▶ _WHAT THIS TASK INVOLVES_: What is the number of lines below that hold "thumbnail"? Answer with that number only.

'''

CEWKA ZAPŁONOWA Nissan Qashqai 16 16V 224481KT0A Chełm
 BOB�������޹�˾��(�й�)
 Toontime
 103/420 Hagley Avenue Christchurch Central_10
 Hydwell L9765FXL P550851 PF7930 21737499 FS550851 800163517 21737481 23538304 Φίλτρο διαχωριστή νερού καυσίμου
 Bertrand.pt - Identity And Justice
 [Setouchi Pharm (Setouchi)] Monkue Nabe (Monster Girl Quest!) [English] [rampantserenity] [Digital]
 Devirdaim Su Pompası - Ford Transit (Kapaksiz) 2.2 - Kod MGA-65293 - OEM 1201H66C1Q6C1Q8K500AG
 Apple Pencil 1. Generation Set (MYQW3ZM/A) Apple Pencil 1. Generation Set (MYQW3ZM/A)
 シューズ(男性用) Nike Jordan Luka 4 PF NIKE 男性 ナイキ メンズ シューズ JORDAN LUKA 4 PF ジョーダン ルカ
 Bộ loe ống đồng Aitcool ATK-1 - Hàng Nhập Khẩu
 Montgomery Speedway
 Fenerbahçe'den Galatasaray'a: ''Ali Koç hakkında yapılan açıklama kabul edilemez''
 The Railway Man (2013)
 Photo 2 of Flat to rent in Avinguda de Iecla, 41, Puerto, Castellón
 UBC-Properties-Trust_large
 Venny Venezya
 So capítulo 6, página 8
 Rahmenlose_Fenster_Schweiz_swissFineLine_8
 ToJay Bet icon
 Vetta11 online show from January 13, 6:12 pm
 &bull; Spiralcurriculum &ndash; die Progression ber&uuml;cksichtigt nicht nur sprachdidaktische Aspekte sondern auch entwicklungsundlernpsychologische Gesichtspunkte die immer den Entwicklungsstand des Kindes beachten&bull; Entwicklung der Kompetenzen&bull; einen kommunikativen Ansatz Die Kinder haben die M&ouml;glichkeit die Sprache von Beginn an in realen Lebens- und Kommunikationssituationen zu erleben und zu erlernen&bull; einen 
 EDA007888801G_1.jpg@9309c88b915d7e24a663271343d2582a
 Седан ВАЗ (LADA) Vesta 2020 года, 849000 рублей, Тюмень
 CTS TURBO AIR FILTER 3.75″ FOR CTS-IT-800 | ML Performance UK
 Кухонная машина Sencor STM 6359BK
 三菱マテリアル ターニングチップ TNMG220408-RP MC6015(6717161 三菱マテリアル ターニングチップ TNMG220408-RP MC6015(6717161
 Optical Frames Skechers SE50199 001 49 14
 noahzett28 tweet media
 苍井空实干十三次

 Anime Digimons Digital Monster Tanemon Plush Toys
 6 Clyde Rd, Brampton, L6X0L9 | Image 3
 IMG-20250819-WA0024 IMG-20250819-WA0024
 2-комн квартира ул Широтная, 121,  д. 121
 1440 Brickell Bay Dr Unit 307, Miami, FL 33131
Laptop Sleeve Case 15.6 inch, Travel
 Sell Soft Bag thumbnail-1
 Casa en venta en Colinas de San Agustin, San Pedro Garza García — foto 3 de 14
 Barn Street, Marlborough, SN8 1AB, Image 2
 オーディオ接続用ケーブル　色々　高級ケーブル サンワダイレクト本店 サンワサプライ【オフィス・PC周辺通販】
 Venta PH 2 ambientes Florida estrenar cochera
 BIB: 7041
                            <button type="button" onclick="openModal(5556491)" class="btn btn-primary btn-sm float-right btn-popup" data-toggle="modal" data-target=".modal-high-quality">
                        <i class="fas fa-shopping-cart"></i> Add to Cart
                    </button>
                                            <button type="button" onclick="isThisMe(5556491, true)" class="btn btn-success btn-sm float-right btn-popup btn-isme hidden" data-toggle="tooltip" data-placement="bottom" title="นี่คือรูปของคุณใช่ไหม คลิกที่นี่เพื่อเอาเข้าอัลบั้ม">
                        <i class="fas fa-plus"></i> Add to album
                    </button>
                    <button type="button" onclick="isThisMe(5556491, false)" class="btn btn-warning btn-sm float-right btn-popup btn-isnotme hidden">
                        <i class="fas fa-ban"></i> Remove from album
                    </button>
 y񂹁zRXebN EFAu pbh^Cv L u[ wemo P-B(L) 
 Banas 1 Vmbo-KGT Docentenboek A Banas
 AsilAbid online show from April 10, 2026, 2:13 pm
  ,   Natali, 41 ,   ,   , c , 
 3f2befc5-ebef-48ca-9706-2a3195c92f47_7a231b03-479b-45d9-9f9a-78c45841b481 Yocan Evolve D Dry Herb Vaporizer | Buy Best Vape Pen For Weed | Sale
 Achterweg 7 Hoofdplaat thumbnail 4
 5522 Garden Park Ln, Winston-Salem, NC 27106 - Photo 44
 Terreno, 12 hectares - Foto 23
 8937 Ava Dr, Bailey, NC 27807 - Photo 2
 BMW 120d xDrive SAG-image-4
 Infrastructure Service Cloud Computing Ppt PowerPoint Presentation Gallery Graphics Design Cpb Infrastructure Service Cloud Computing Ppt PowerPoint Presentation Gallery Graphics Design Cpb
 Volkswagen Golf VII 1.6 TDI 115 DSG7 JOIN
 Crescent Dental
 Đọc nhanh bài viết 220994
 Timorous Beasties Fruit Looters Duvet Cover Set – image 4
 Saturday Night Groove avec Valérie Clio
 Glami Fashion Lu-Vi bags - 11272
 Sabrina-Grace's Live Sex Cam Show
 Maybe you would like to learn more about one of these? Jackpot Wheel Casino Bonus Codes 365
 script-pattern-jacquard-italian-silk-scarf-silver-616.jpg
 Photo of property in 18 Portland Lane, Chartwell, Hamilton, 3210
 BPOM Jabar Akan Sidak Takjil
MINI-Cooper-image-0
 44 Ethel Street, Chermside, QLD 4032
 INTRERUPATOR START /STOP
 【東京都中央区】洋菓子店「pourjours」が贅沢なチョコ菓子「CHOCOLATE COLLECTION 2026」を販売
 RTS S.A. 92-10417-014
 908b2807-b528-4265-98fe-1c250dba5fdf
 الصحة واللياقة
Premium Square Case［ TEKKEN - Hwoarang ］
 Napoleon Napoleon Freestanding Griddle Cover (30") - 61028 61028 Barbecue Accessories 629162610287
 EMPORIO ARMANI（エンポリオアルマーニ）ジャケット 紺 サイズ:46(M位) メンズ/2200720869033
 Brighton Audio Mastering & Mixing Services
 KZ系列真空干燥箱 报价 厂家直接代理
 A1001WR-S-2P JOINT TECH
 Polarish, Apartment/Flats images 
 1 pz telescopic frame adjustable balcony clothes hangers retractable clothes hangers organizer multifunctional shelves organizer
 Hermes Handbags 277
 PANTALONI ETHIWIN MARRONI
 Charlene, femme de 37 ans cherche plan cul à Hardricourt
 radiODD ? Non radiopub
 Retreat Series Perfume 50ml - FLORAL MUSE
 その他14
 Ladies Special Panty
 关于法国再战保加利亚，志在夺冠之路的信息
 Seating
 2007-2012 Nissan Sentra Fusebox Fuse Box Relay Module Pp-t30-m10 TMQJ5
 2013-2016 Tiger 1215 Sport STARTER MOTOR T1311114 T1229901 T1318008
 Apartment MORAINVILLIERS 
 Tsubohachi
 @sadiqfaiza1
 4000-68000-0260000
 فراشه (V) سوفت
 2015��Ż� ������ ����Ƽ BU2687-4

'''

▶ _OUTPUT OF THE TASK_: 2